モバイルインターネットが登場して間もない頃、顧客関係管理サービスを提供する事業者の多くはアプリを活用することを考えた。特にサードパーティのポイントモールを利用して、各主要アプリから誘客すると同時に広告主との橋渡しを行うのだ。企業向けSaaSやインタラクティブ広告事業を手掛ける「兌吧網絡科技(Duiba Network Technology)」はこの手法で成功を収め、創業5年で香港株式市場に上場し、現在では時価総額が50億香港ドル(約700億円)に達している。同社は1万4000社以上のアプリでサービスを展開しているという。この例から、顧客関係管理サービスのニーズは確かに存在しており、市場の規模は100億元(約1500億円)以上だという。
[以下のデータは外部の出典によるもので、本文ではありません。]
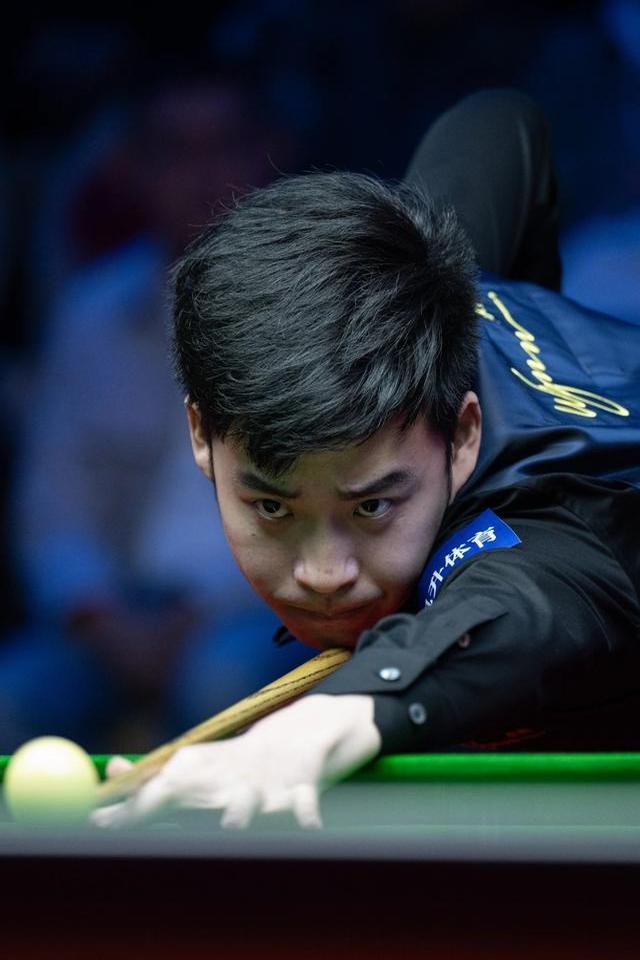 统支点型中 统支点型中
新参プレーヤーの一つ「等趣信息科技(Dengqu Network Technogoly)」は、微信(WeChat)を利用する顧客に特化したアプローチに目をつけた。創業者の孫有新氏によると、現在のモバイルインターネットユーザーのほとんどを握るのはアリババやテンセントといった超大手企業であり、中でも微信はアクティブユーザー10億人以上を誇る。微信は利用時間が最も長く、利用頻度も最も多いアプリだ。ここを集中的に掘り起こすことで各企業のユーザー活性化につなげていく。

微信のエコシステム内でも、一部の大企業の公式アカウントやサービスアカウントには大勢のユーザーが集まるものの、実際のアクティブ度は必ずしも高くないとう状況が生じていた。これに対して、等趣はポイントモールを活用して、大勢の休眠ユーザーをアクティブ化させる方針を採った。川上はユーザーの活性化や売上増を無償支援し、川下ではオフラインの消費シーンを創出したり、集客をサポートしたりする。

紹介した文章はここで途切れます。